“As soon as a coin in the coffer rings, the soul from purgatory springs," ran an early advertising jingle attributed to Johann Tetzel, a 16th-century indulgence salesman. Funding the church offered believers an alternative to paying for sins in the afterlife. The carbon-credit market promises something similar.
Instead of reducing your carbon footprint, why not simply pay someone else to do it for you? It is a nice idea. Yet the voluntary carbon market—as opposed to compliance markets, such as the EU’s emissions-trading scheme—is in turmoil. Latter-day Martin Luthers, whose objections to Tetzel led to the Reformation, have pointed out that offsets struggle to prove they make a difference to emissions: renewable projects are often viable on their own, thus providing funding does not lower emissions.

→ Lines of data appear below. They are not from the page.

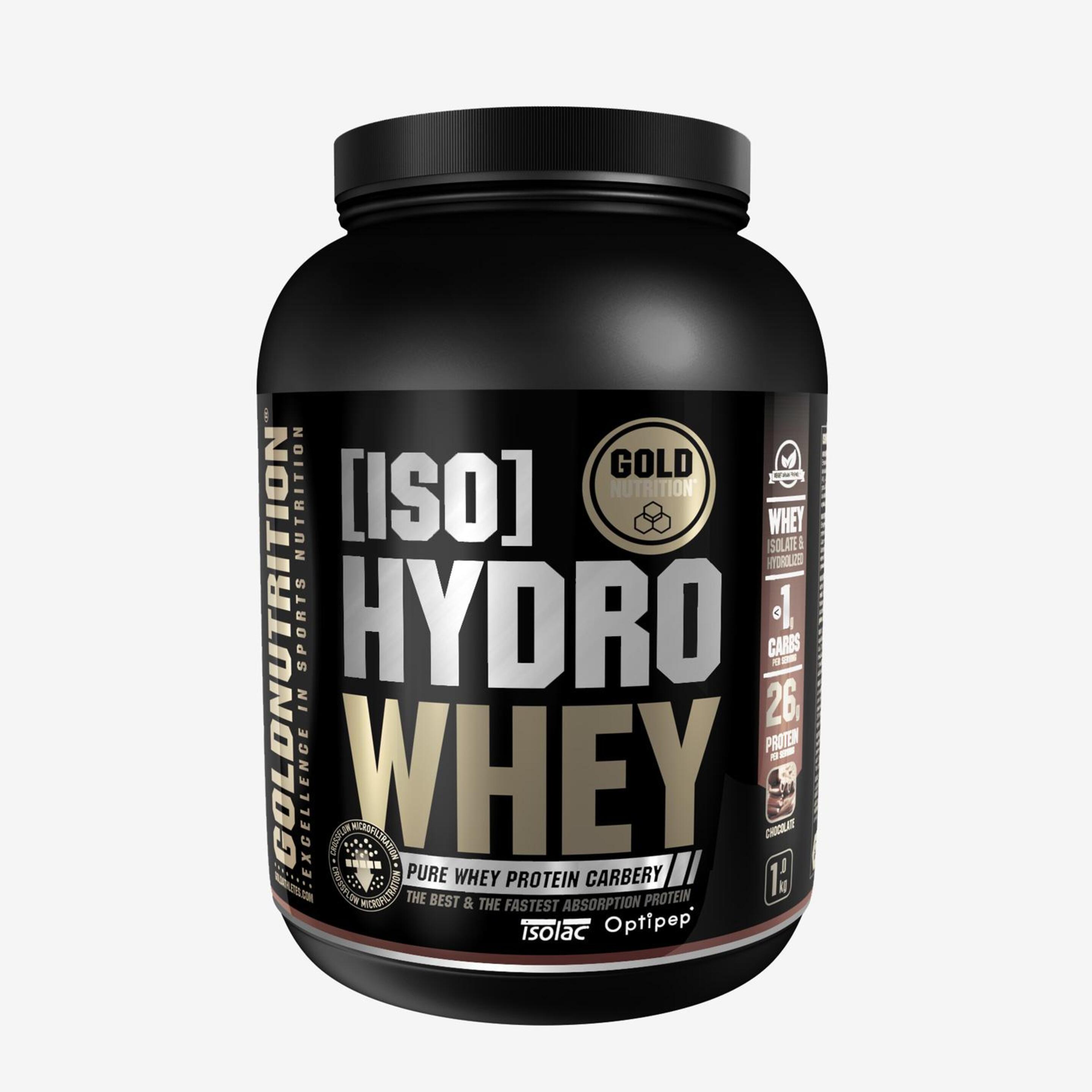 Proteína Iso Hydro Whey Choco Gold Nutrition 1kg - unico - 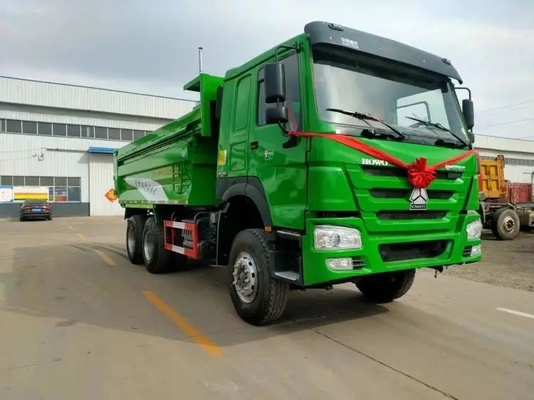 6X4 6.8m HOWO 무거운 트럭 후방 카메라와 15500KG 총 차량 무게와 함께 덤프 트럭
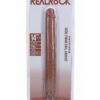 RealRock Realistic Skin Thick Double Ended Dong 14in - Caramel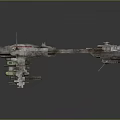 Futuristic Cosmic Spaceship With Interconnected Modules And Metallic Exterior Design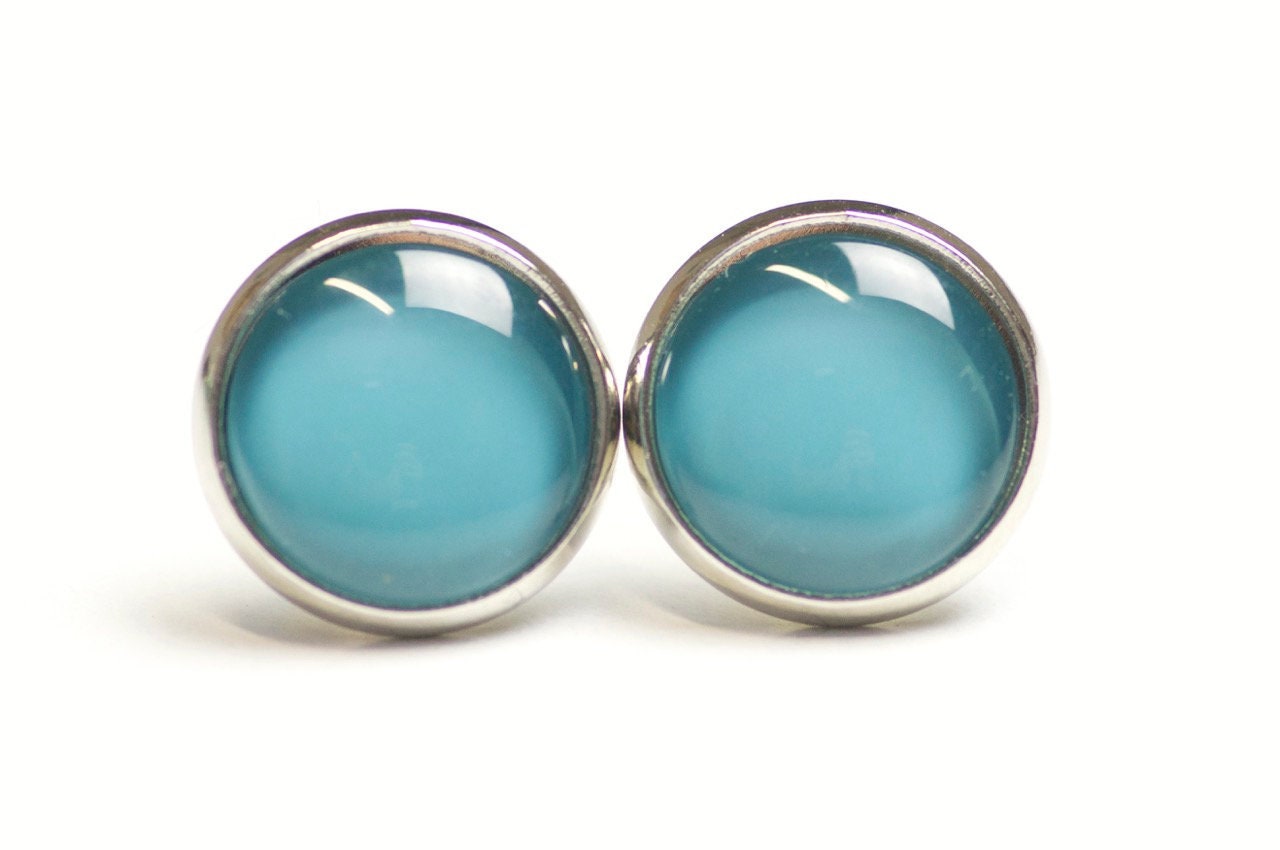 Ohrstecker Ohrhänger Clipse Aquamarin Blau Hellblau - Geschenkidee Von Just Trisha von JustTrisha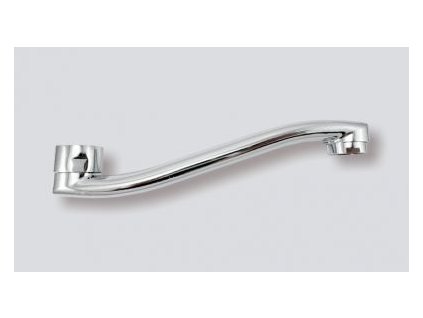 výtokové ploché "S" ramínko, 3/4", 25 cm, chrom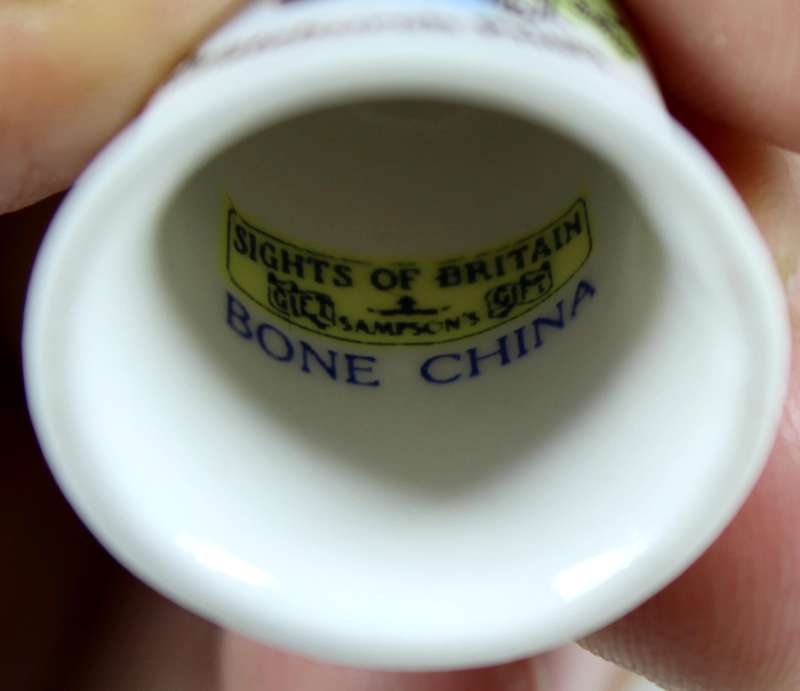 Bone China thimble - Christchurch Priory - Sights of Britain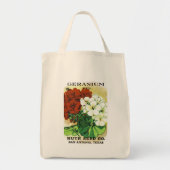 Tote Bag Étiquette de paquets de semences de géranium (Devant)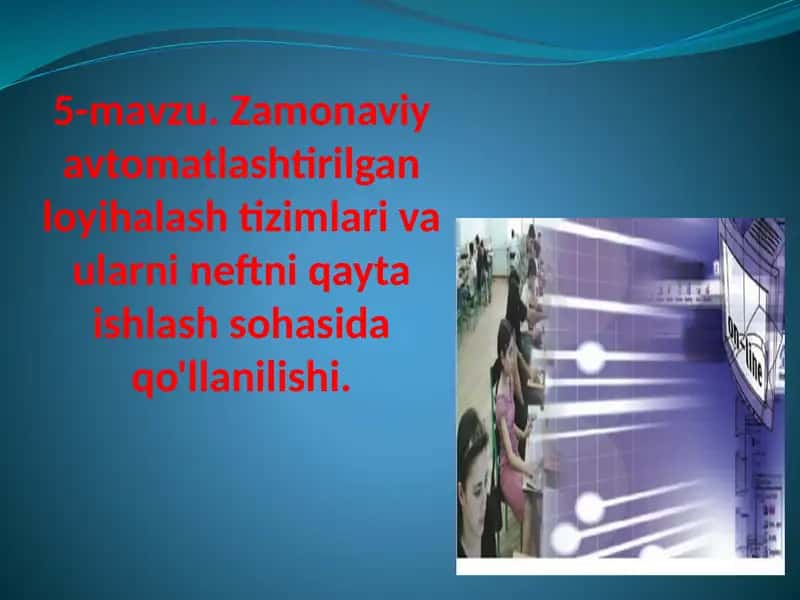 Texnik tizimlarda axborot texnologiyalari 1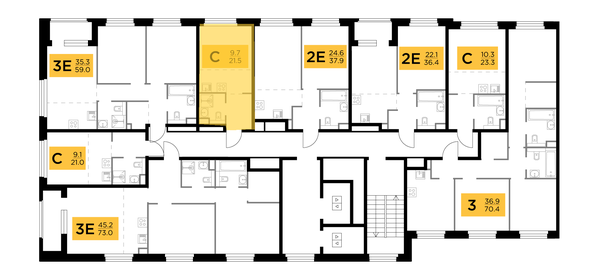 19,9 м², квартира-студия 6 000 000 ₽ - изображение 68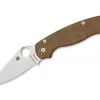 Para Military 2 Brown Micarta Cruwear|Spyderco New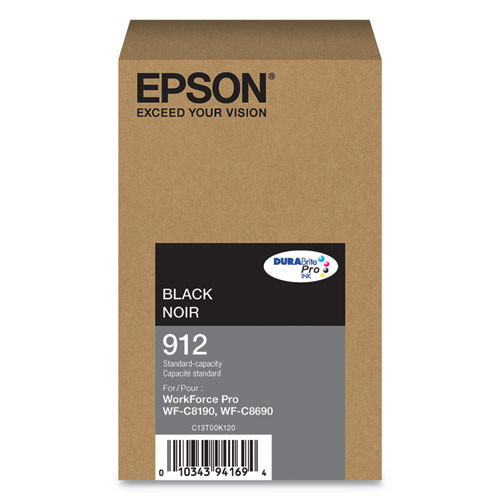 T912120 | Epson® 912 | Original Epson® DURABrite Pro® Ink Cartridge - Black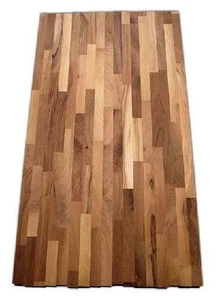 Tischplatte Waschtisch Nußbaum Platte Scheibe 153x60cm 40mm - Bild 1 von 9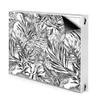 tulup.si Pokrov za radiator PVC Pošast skica 90x60 cm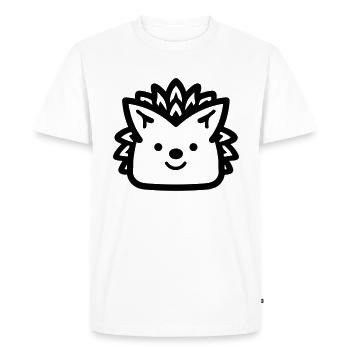 Hérisson - T-shirt Premium bio Homme - blanc - Devant - Nico (187cm)
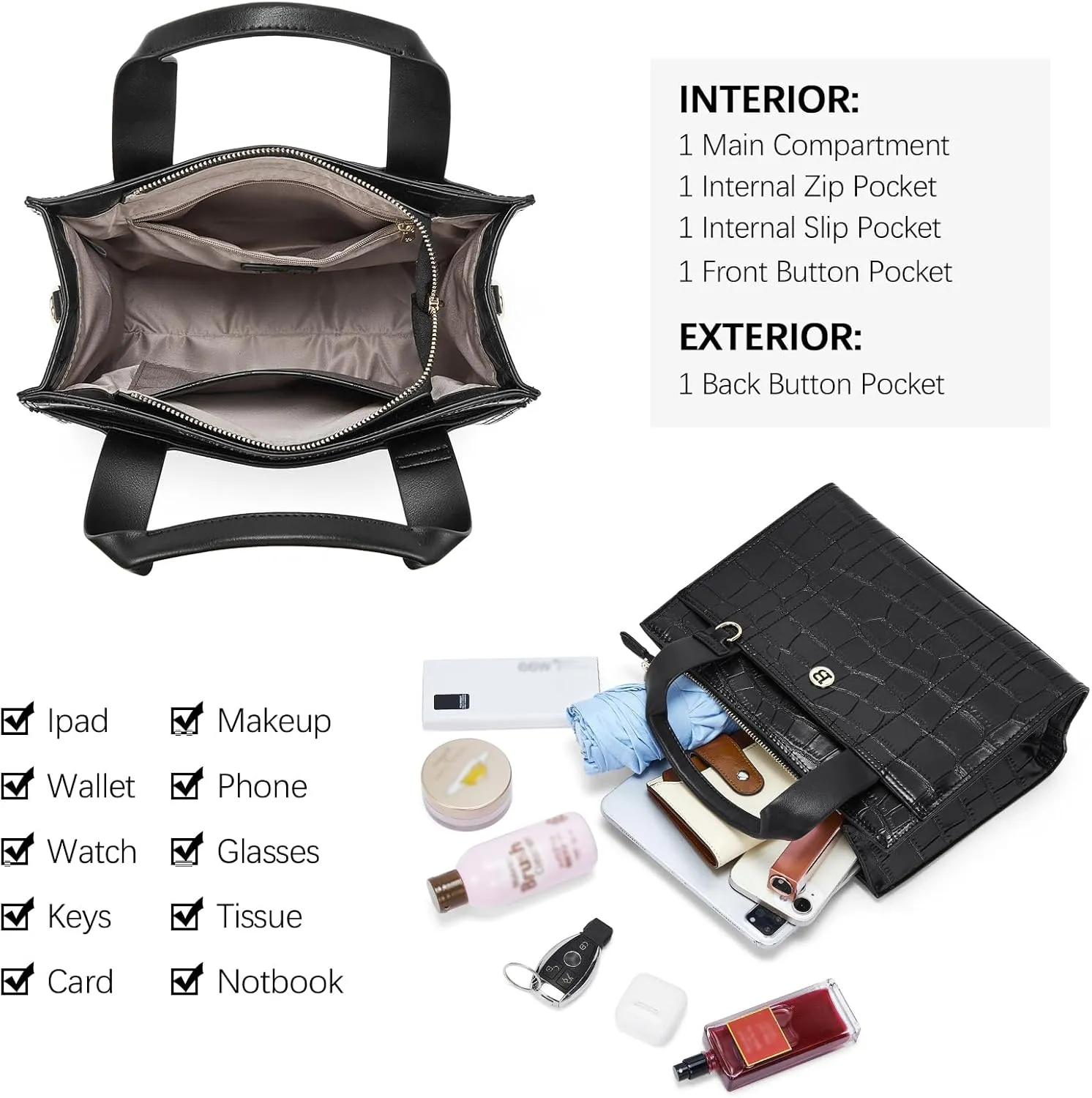 BOSTANTEN Small Tote Bag for Women Crossbody Trendy Purses Vegan Leather Satchel Handbags with Shoulder Strap
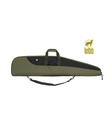 FUNDA CARABINA GAMO CON VISOR NEGRA/VERDE 125X27CM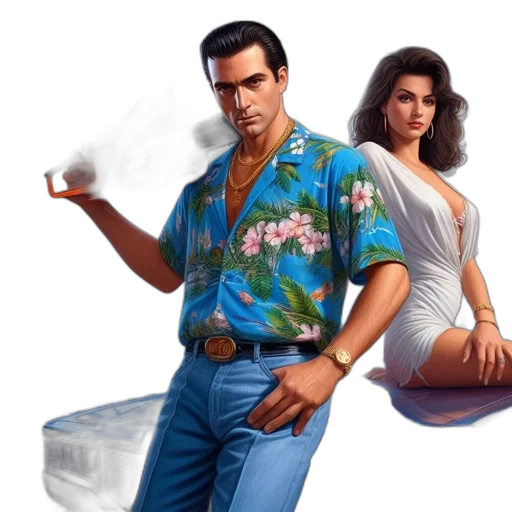 jacket, umbrella, concept art, vaporwave, photorealistic, comic book art, fire, beach transparent PNG cut-out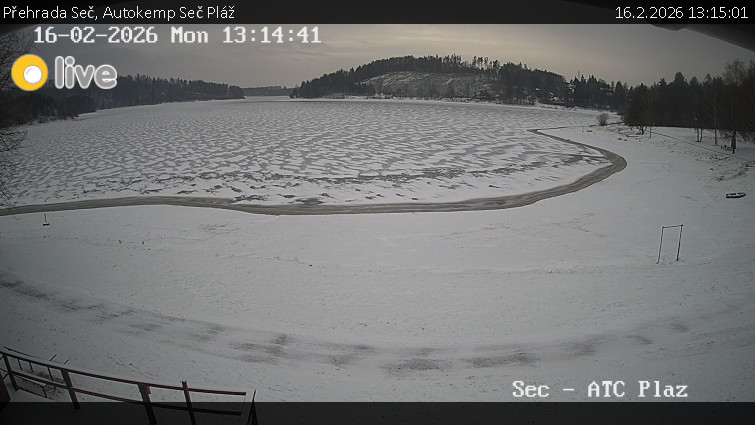 Přehrada Seč - Autokemp Seč Pláž - 16.2.2026 v 13:15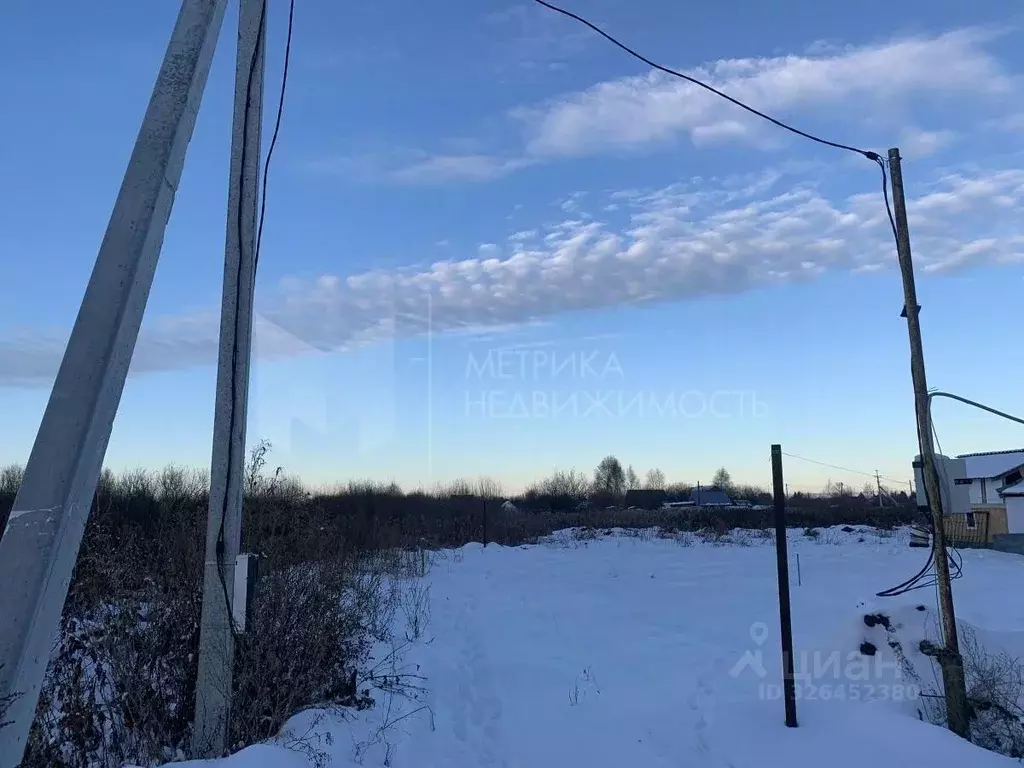 Участок в Тюменская область, Тюменский муниципальный округ, ... - Фото 0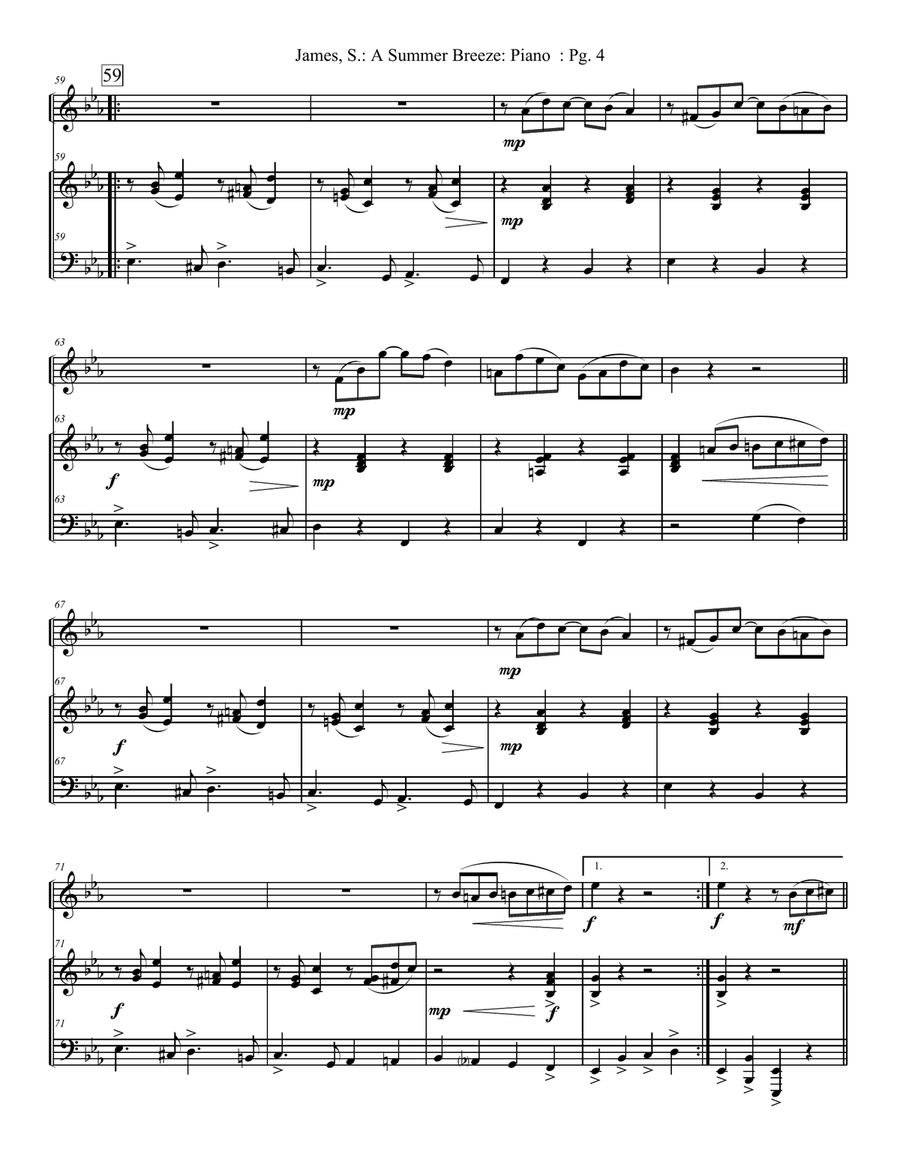 A Summer Breeze Large Ensemble scores gallery preview page 4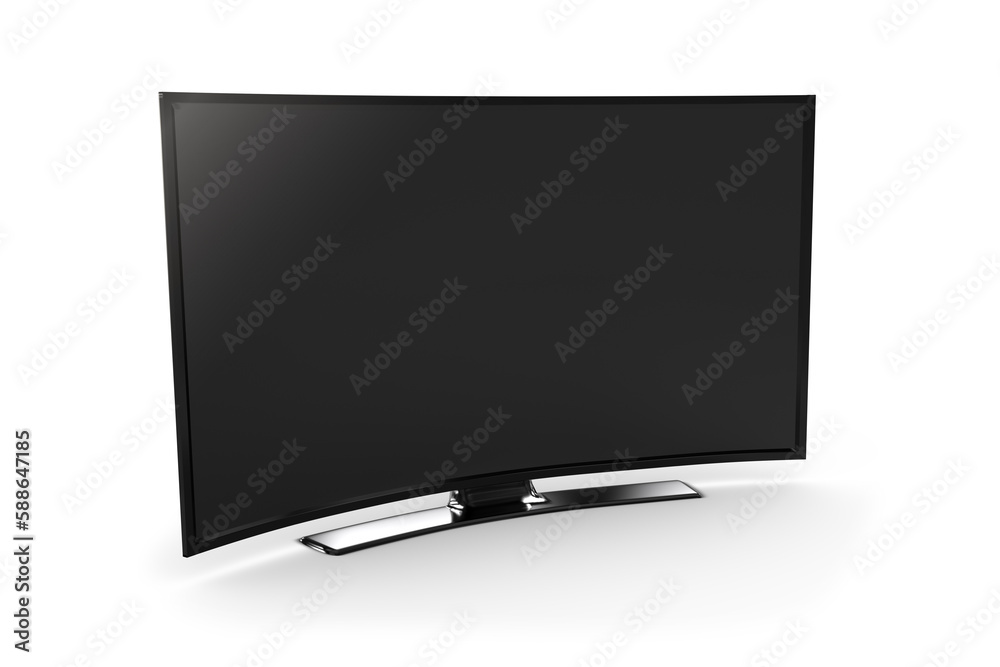 Flat blank television set Flat blank television set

Scandals have also sapped investor appetite. A report by the Guardian, a British newspaper, alleged that many leading “nature-based" offsets, which usually attempt to restore forests, are junk. Activists argue that middle men hog the proceeds and indigenous people fail to benefit.
Prices for nature-based offsets plunged from $15 a tonne after the COP climate summit in Glasgow two years ago to a disastrous $0.10 a tonne after the recent meeting in Dubai, according to Xpansiv, an exchange. Reformers were at the summit in force, with proposals for how to fix the market. These include plans to verify, tally and register offsets.